Announcing Neo4j on Windows Azure

Peter NeubauerMagnus Mårtensson

Announcing Neo4j on Windows Azure

Neo4j has a ‘j’ appended to the name. And now it is available on Windows Azure? This proves that in the most unlikely of circumstances sometimes beautiful things can emerge. Microsoft has promised Java to be a valued “first class citizen” on Windows Azure. In this blog post we will show that it is no problem at all to host a sophisticated and complex server product such as the Neo4j graph database server on Windows Azure. Since Neo4j has a REST API over HTTP you can speak to this server from your regular .NET (or Java) applications, inside or outside of the cloud just as easily as you speak to Windows Azure Storage.

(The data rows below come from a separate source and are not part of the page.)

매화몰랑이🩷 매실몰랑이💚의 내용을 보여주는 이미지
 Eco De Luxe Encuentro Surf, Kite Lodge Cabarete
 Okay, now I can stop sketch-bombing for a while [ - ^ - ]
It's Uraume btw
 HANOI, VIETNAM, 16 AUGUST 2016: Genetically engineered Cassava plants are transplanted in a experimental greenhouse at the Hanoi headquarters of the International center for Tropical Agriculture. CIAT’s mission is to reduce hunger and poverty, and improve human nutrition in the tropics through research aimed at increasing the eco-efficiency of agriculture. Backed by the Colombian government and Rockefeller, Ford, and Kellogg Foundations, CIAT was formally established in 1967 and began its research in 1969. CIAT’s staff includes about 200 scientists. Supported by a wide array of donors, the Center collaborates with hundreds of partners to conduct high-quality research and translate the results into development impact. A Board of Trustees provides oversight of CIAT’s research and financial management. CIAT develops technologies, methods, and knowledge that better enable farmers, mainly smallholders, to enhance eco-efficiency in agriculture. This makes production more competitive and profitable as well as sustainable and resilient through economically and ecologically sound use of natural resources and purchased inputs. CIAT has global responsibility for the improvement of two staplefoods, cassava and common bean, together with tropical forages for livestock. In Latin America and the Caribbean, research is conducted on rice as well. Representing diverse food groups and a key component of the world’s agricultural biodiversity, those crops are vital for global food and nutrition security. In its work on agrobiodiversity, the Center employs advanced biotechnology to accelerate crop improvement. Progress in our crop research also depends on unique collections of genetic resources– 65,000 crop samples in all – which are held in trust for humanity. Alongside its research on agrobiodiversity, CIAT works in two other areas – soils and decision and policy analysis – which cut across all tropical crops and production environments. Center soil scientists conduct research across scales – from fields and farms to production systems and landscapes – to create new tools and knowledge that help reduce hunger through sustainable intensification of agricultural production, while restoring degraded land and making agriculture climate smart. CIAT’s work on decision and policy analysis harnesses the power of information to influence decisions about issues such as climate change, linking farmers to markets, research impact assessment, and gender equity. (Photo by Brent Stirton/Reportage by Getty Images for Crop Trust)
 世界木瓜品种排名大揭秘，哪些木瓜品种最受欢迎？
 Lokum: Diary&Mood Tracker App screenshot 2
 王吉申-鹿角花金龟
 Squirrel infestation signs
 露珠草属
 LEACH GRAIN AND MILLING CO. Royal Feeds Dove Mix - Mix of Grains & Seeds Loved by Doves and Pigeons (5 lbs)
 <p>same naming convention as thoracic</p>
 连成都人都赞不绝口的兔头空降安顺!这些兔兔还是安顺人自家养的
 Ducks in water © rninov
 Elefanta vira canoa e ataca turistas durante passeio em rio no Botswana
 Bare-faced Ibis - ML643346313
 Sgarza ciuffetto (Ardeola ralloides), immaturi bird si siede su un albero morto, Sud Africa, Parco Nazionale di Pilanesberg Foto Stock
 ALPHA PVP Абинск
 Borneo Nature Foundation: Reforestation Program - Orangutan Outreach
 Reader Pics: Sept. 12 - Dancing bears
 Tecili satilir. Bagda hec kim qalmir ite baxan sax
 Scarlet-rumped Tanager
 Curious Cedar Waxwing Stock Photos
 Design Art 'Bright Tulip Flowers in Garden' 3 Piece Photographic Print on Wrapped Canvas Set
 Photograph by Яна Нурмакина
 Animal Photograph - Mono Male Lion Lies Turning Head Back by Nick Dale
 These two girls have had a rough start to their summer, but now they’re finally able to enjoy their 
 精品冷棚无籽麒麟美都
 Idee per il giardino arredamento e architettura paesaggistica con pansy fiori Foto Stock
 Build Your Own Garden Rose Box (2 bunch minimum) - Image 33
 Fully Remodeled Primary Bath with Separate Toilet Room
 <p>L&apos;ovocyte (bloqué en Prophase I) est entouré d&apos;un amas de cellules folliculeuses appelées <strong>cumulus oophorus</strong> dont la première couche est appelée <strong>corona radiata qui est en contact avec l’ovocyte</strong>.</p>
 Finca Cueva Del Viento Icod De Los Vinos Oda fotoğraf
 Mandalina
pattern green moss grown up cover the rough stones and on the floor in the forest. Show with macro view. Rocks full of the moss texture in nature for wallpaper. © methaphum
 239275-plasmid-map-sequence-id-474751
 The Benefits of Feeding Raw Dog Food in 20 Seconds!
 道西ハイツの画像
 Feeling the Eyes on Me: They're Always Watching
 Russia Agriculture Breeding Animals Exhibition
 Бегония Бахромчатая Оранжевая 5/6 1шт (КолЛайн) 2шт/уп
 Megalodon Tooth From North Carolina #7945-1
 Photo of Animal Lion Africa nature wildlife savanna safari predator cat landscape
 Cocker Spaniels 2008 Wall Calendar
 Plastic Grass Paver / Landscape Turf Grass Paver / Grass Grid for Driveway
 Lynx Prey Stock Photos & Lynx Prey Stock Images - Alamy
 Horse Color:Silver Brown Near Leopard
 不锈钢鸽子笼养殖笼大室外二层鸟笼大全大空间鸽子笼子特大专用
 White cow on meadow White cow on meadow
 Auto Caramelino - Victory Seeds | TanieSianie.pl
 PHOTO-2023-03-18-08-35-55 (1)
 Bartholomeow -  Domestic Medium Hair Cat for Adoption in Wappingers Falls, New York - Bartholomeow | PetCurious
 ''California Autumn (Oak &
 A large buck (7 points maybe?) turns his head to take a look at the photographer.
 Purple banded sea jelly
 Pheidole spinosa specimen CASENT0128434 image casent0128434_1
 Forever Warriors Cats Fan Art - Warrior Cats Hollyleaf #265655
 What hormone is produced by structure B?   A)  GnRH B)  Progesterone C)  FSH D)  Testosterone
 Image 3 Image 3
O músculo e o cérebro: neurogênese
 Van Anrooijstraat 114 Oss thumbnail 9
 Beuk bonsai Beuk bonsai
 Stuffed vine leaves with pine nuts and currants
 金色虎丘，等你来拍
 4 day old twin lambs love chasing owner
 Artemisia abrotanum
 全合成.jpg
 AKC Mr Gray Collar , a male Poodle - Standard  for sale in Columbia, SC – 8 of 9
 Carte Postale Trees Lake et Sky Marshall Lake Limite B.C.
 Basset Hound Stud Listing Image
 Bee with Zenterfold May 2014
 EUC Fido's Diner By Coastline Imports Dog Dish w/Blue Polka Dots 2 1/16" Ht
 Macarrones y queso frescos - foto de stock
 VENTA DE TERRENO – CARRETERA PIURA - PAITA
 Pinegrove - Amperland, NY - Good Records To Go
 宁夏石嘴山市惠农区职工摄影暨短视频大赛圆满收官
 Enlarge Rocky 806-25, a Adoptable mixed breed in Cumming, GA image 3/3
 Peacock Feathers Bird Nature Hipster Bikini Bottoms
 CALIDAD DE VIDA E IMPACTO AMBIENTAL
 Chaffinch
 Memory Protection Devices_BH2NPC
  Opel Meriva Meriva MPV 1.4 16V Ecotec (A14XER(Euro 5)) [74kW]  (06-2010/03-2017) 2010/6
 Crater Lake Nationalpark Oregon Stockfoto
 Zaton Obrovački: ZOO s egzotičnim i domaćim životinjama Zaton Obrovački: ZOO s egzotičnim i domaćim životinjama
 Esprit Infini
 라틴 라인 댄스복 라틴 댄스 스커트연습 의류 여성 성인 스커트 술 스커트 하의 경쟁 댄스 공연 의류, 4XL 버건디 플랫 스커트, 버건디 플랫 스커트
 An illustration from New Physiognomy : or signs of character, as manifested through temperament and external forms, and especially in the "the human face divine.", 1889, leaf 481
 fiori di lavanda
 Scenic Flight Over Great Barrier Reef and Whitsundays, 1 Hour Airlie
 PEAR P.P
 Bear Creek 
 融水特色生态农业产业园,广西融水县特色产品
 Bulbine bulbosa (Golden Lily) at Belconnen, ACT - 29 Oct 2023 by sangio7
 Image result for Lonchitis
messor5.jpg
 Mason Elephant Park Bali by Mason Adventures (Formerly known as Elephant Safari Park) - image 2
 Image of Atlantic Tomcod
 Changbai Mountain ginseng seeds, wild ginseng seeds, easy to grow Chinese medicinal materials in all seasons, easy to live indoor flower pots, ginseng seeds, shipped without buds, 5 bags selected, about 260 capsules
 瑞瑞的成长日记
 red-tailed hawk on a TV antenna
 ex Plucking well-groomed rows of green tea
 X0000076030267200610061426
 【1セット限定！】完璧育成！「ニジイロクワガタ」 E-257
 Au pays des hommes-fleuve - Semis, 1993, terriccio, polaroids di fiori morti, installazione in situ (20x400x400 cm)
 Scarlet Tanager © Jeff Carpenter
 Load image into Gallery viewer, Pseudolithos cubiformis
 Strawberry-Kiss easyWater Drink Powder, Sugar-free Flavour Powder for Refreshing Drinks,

This first version (1.0 “JFokus“) of our deployment is a bit simplified in some areas. Still it is a complete and fully functioning deploy of Neo4j to Windows Azure. We are already working on the next major release (2.0) which will be much more turn-key; just upload the application to Windows Azure and launch.
Furthermore we have serious plans to use this approach, Neo4j in Windows Azure, on a live project where we are backing a server application with complex graph calculations. We will layer spatial and social graphs in combined searches on the server side and serve condensed search results to the client applications outside of the Cloud.
This project is not a toy it’s the real deal and it runs very smoothly – Java runs with little or no hassle on Windows Azure!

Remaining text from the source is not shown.